In the statement, Gallo said she pushed ahead with the change after Alter refused to step down. Alter was replaced by Susan Roth.
“Neither my commitment nor my ability to fulfill my responsibilities on the Parks and Recreation Board changed when I declared my candidacy for the District 10 Council seat,” Alter responded in a statement. “I reviewed the code and there was nothing that required me to step down.”
Board members serve terms that run concurrently with the City Council member who appointed them and serve at the pleasure of the entire council.
The move was assailed as political retaliation by another member of the parks board.
“No board member should be removed from their position purely as political retaliation,” Rick Cofer, a parks board member who represents District 9, told the American-Statesman. “Doing so sets the wrong precedent and betrays the promise of the new 10-1 City Council.
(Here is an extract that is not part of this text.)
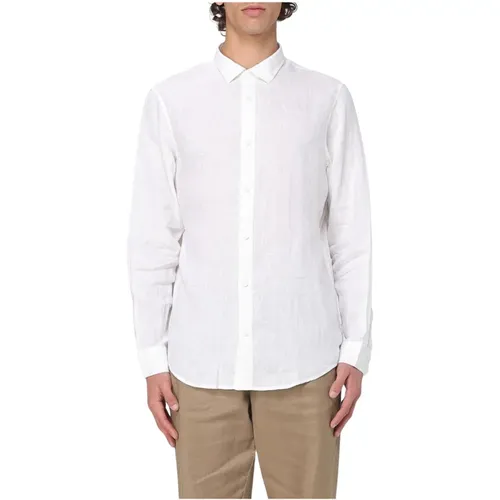 Casual Shirts, male, , Size: S Long Sleeve Casual Shirt - Armani Exchange - Modalova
We don’t need ward politics in Austin.”
In an email to council members, Cofer said there was no nonpolitical cause for her removal.
“This board member has not been accused of any wrongdoing, incompetence or corruption,” he wrote, urging the council to at least discuss the matter.
Gallo is one of five council members up for re-election Nov. 8. Another challenger, recent University of Texas graduate Nicholas Virden, has also joined the District 10 race.
In other news, the City Council on Thursday:
• Voted 9-2 to approve a contract to purchase license plate readers for the Austin Police Department, which the department has long sought. District 1 Council Member Ora Houston and District 6 Council Member Don Zimmerman voted against the measure. Supporters of the license plate readers say they will help police hunt for criminals and stolen cars. Opponents have expressed concerns about potential invasion of privacy and about the technology potentially being used for warrant roundups, a purpose Austin police say they have no intention of using the devices for.
• Created a three-month pilot program allowing people to use video conferencing from a council member’s district office to provide public comment at council meetings without coming to City Hall. Zimmerman, who sponsored the resolution, is the only council member with a district office, as his District 6 is in far Northwest Austin.